Lo que se siente… al ser un esclavo sexual de la prisión

Por Roderick Johnson, de 35 años, según lo contado a Tyler Cabot

Poco después de llegar a la prisión de Allred en Texas, Bret Ramos me reclamó como suyo. Me dijo que tenía dos opciones: Podía someterme, o podía morir. Así comenzó mi vida como esclava sexual en la prisión.

Lo que la mayoría de la gente no entiende es que la violación en la cárcel no es como en el exterior. No es aleatoria ni caótica. Es planificada y metódica. Es un negocio. Las bandas negocian entre ellas para determinar quién va a estar con quién. Y otros reclusos no se atrevieron a tocarme sin aclararlo primero con mi dueño.

Ramos me violaba una, dos, a veces tres veces al día. Luego me obligaba a limpiar su celda, a hacerle la cama o a cocinarle la comida. Al final me exigió que tuviera relaciones sexuales con sus amigos, que empezaron a llamarme «Coco». Cuando otra esclava sexual recibió una fuerte paliza por negarse a mantener relaciones sexuales, dijo que me ocurriría lo mismo si no accedía.

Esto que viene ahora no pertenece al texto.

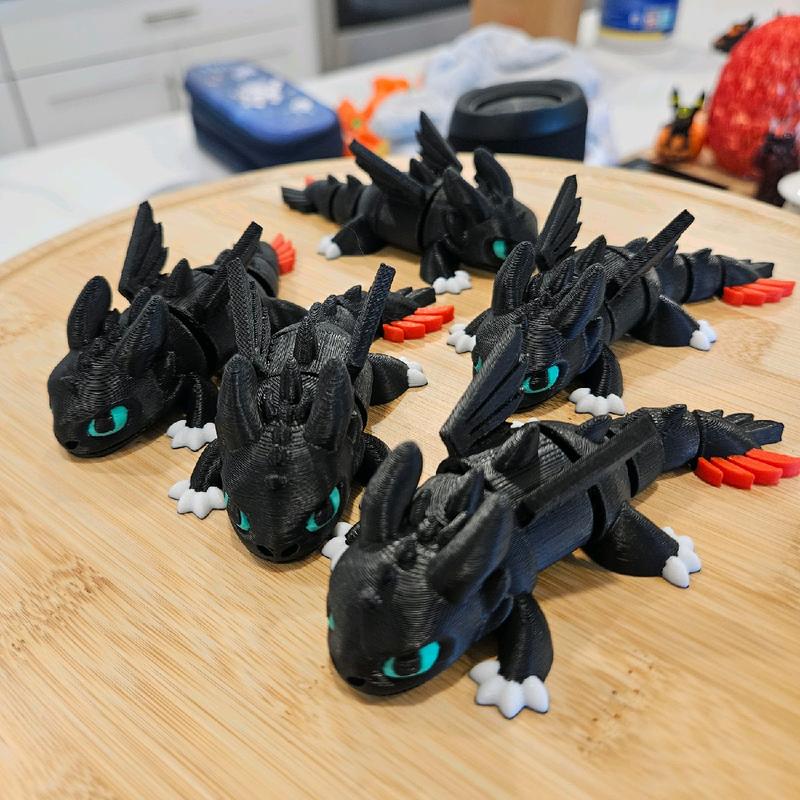 Toothless Articulating Dragon Collectible Figurine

Cuando finalmente me trasladaron a otro bloque de celdas, Cliff Brown me dijo que él y su banda me habían «comprado». Fue entonces cuando la prostitución se intensificó. Me obligaron a mantener relaciones sexuales con docenas de otros reclusos: bandas blancas, bandas mexicanas, bandas negras. A veces era anal. A veces oral. A veces ambas cosas. Lo hacían en las celdas, en la ducha, en las escaleras. El precio era de cinco o diez dólares en el economato por un polvo. Finalmente me trasladaron a otro edificio. Allí me esperaba La Brigada. En el siguiente edificio estaban los Soldados Akin. Luego los Reyes del Marfil.

Supliqué una y otra vez a los guardias, al alcaide y al comité de clasificación que me pusieran a salvo. Cada vez me encontré con oídos sordos y risas. Me dijeron que como era homosexual, no importaba. Me dijeron que «luchara o follara». La violación continuó. La prostitución continuó. Y con ella, mi vergüenza creció y creció. Finalmente no pude enfrentarme más a la constante humillación. Tenía ganas de suicidarme.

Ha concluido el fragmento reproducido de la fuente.